*** DATA UNDER STUDY Section Begins ***

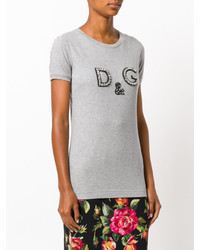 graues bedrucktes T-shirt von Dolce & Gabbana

*** DATA UNDER STUDY Section Ends ***
*** DATA UNDER STUDY Section Begins ***

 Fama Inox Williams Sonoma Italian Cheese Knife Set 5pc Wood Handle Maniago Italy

*** DATA UNDER STUDY Section Ends ***
*** DATA UNDER STUDY Section Begins ***

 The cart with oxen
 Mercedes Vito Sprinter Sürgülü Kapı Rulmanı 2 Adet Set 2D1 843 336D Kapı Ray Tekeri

*** DATA UNDER STUDY Section Ends ***

WHAT THE TASK REQUIRES → Give back, unchanged, the run of lines in the listing above that begins at the line containing "The cart with oxen" and ends at the line containing "Mercedes Vito Sprinter", both included.

EXERCISE RESULT →
 The cart with oxen
 Mercedes Vito Sprinter Sürgülü Kapı Rulmanı 2 Adet Set 2D1 843 336D Kapı Ray Tekeri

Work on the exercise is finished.